Exercise aim
Every entry is to be returned exactly as it stands; the pictures are to be dropped.

(Stored data)
== Segment start ==
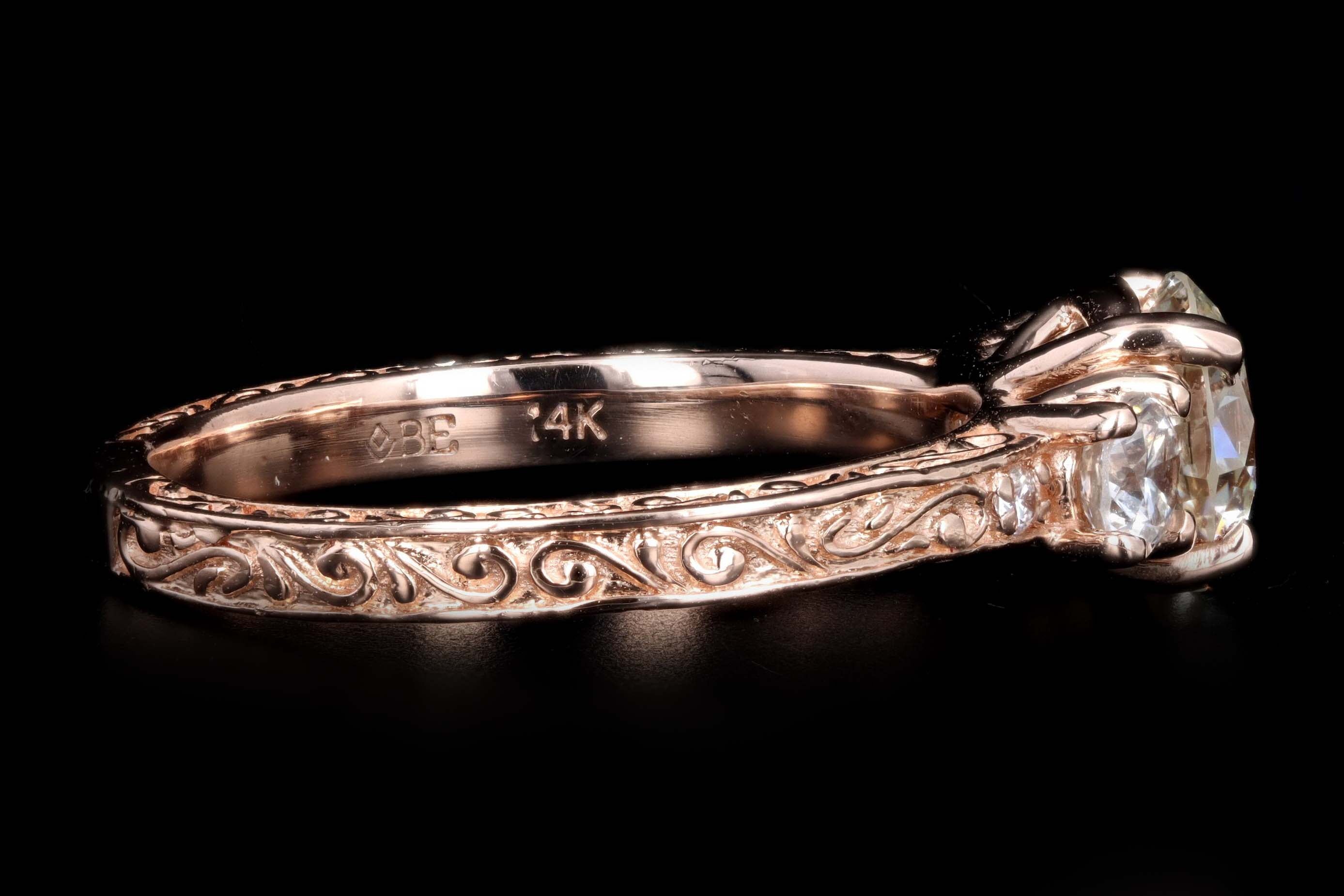 14K Rose Gold 1.04 Carat Round Brilliant Cut Diamond Three Stone Engagement Ring GIA Certified - Queen May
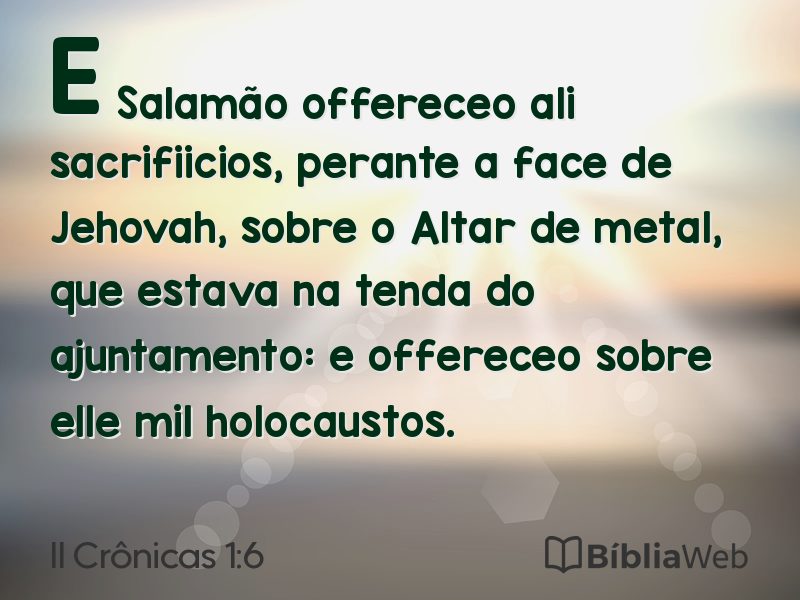 II Crônicas 1:6 em imagem para compartilhar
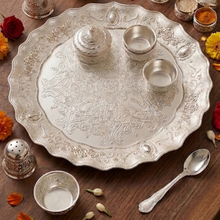 Load image into Gallery viewer, Premier Aesthetic Modern Indian Pooja Thali Set. (7-Piece Festive Gift Combo)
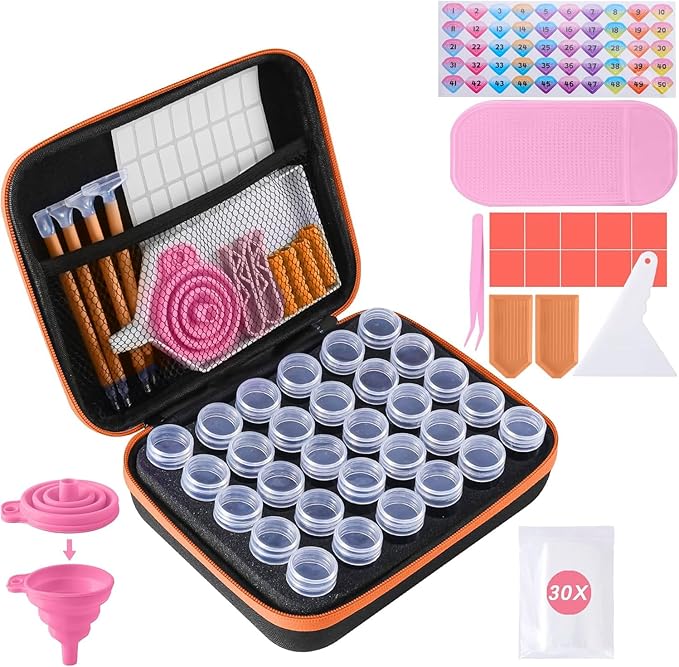 LYMUSUMI 30 Slots Diamond Art Storage Containers Painting Accessories Tools | Portable Bead Storage Boxes for Diamond Painting for Adults（Orange）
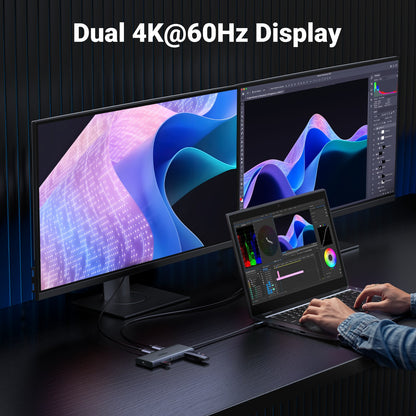 מולטיפורט UGREEN USB-C 10 ב-1 עם HDMI כפול, רשת וקורא כרטיסים – תמונה 4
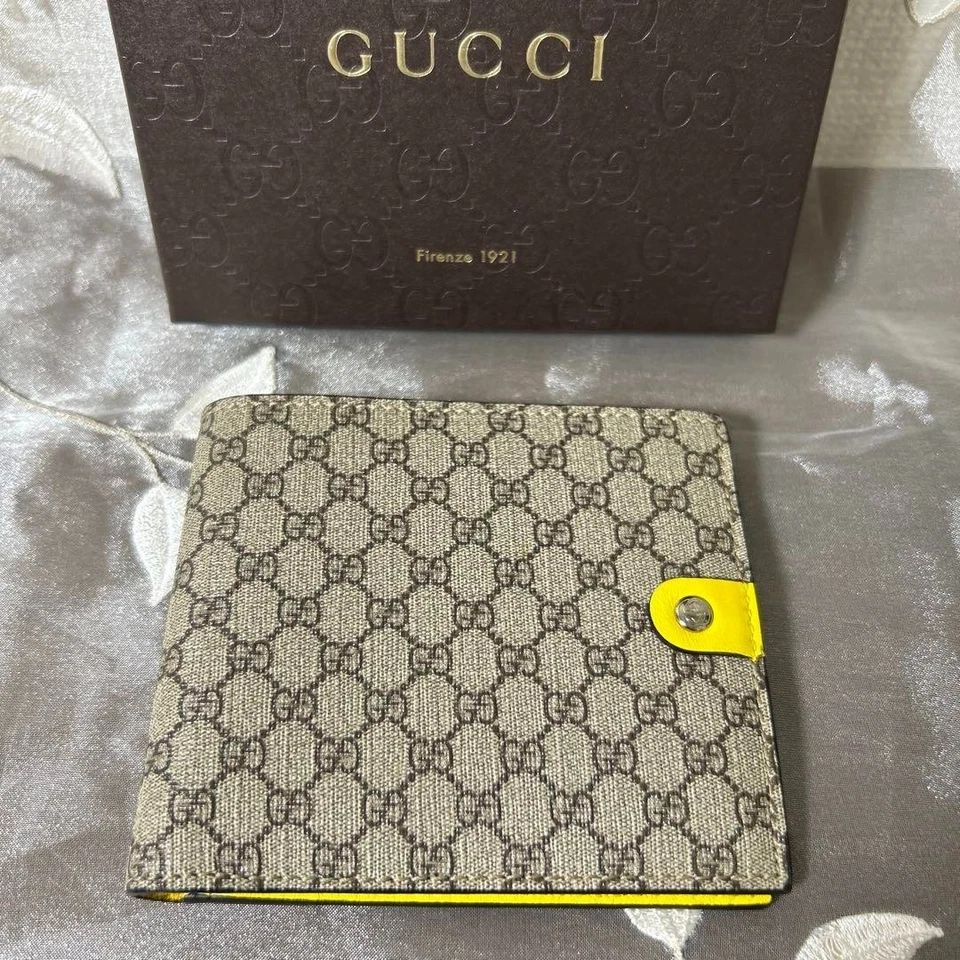 GUCCI GG Bifold Wallet Beige Yellow with Box No Coin Case 4.53" x 3.94" JAPAN - Image 2 of 4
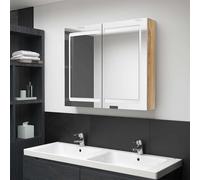 vidaXL Armario de baño con espejo y LED color roble 80x12x68 cm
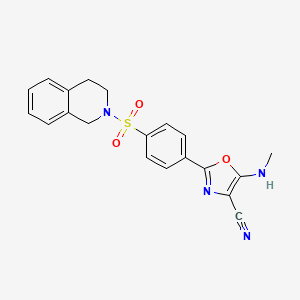 molecular formula C20H18N4O3S B3018341 2-(4-((3,4-dihydroisoquinolin-2(1H)-yl)sulfonyl)phenyl)-5-(methylamino)oxazole-4-carbonitrile CAS No. 941002-86-4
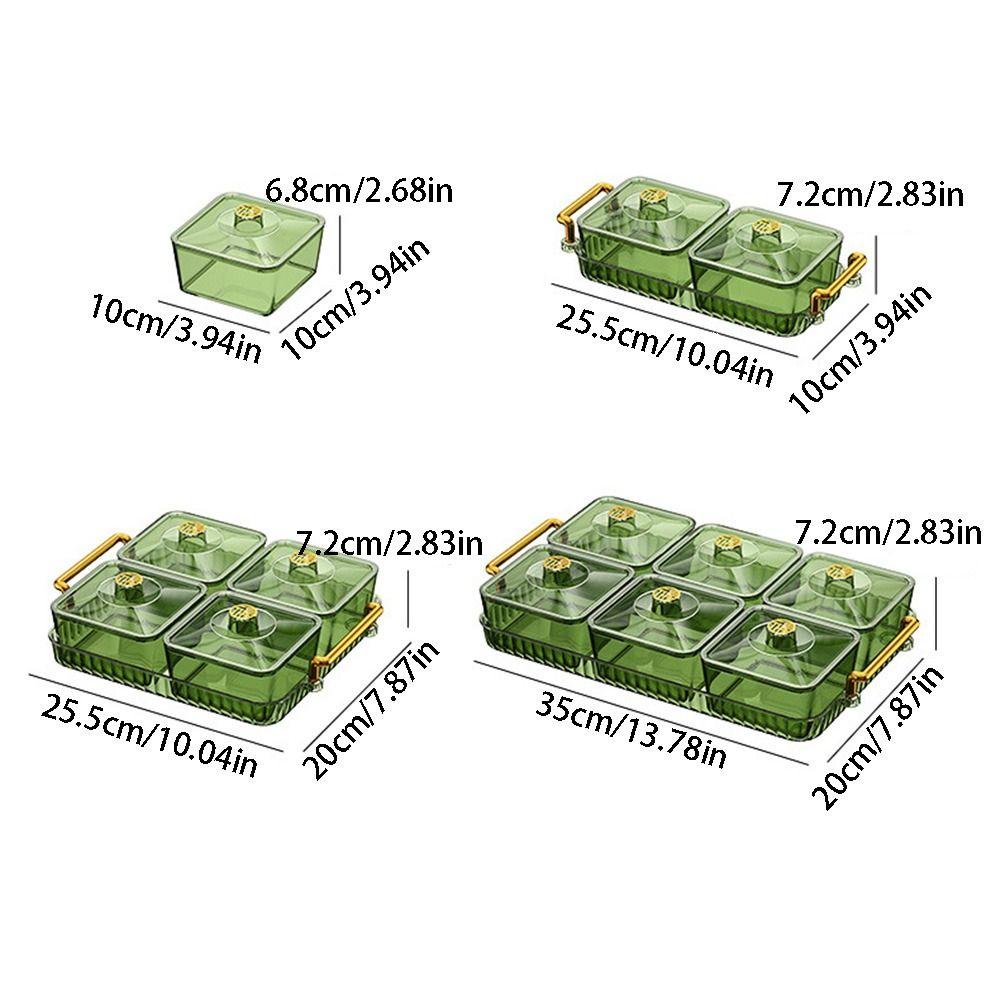 Waterproof Divided Serving Dishes Translucent Fruit Storage Tray Plastic Dried Fruit Plate Bedroom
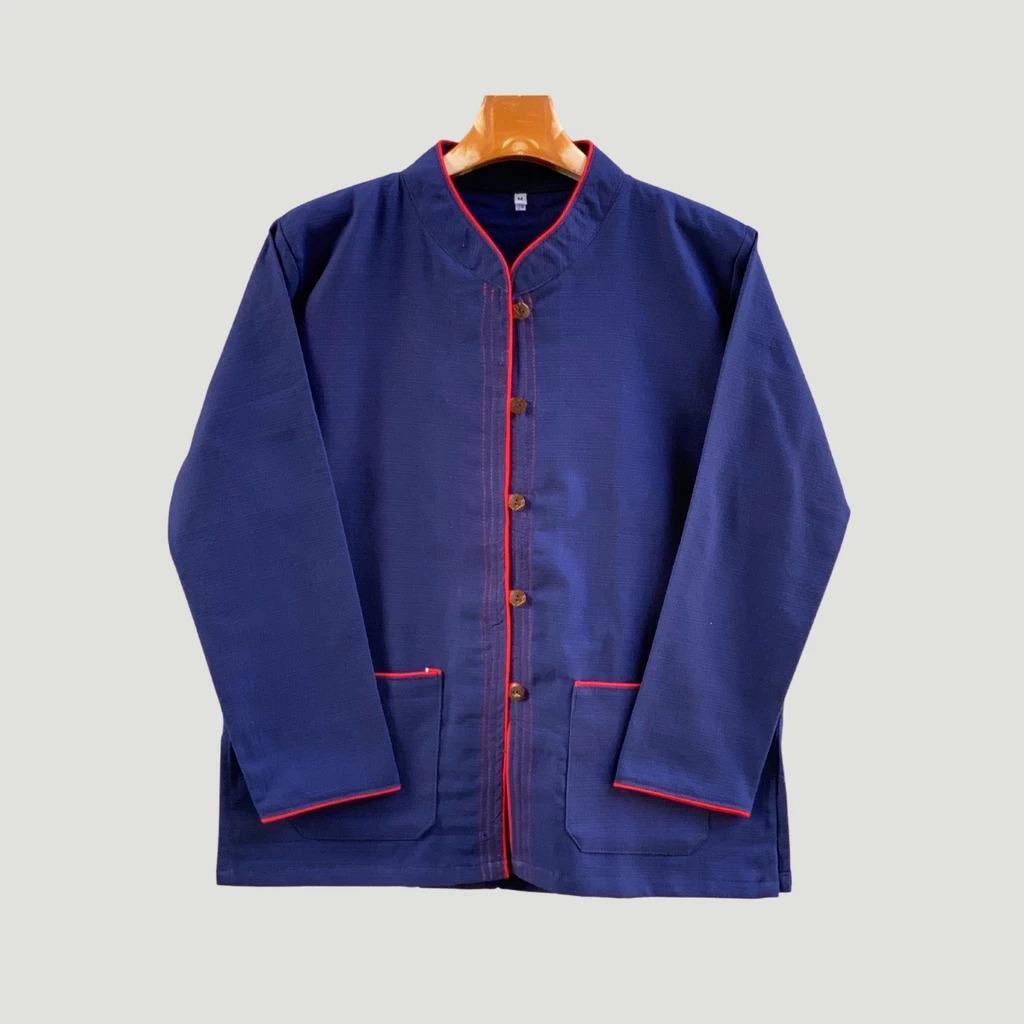 Chest 42"-50" - Men’s Lanna Cotton Shirt – Thai Style Mandarin Collar Shirt | Traditional Northern Thailand Fashion | Available Ten Colors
== Segment end ==
Task result
 14K Rose Gold 1.04 Carat Round Brilliant Cut Diamond Three Stone Engagement Ring GIA Certified - Queen May
 II Crônicas 1:6 em imagem para compartilhar
 Load image into Gallery viewer, Premier Aesthetic Modern Indian Pooja Thali Set. (7-Piece Festive Gift Combo)
 LYMUSUMI 30 Slots Diamond Art Storage Containers Painting Accessories Tools | Portable Bead Storage Boxes for Diamond Painting for Adults（Orange）
 מולטיפורט UGREEN USB-C 10 ב-1 עם HDMI כפול, רשת וקורא כרטיסים – תמונה 4
 GUCCI GG Bifold Wallet Beige Yellow with Box No Coin Case 4.53" x 3.94" JAPAN - Image 2 of 4
 vidaXL Armario de baño con espejo y LED color roble 80x12x68 cm
 molecular formula C20H18N4O3S B3018341 2-(4-((3,4-dihydroisoquinolin-2(1H)-yl)sulfonyl)phenyl)-5-(methylamino)oxazole-4-carbonitrile CAS No. 941002-86-4
 Waterproof Divided Serving Dishes Translucent Fruit Storage Tray Plastic Dried Fruit Plate Bedroom
 Chest 42"-50" - Men’s Lanna Cotton Shirt – Thai Style Mandarin Collar Shirt | Traditional Northern Thailand Fashion | Available Ten Colors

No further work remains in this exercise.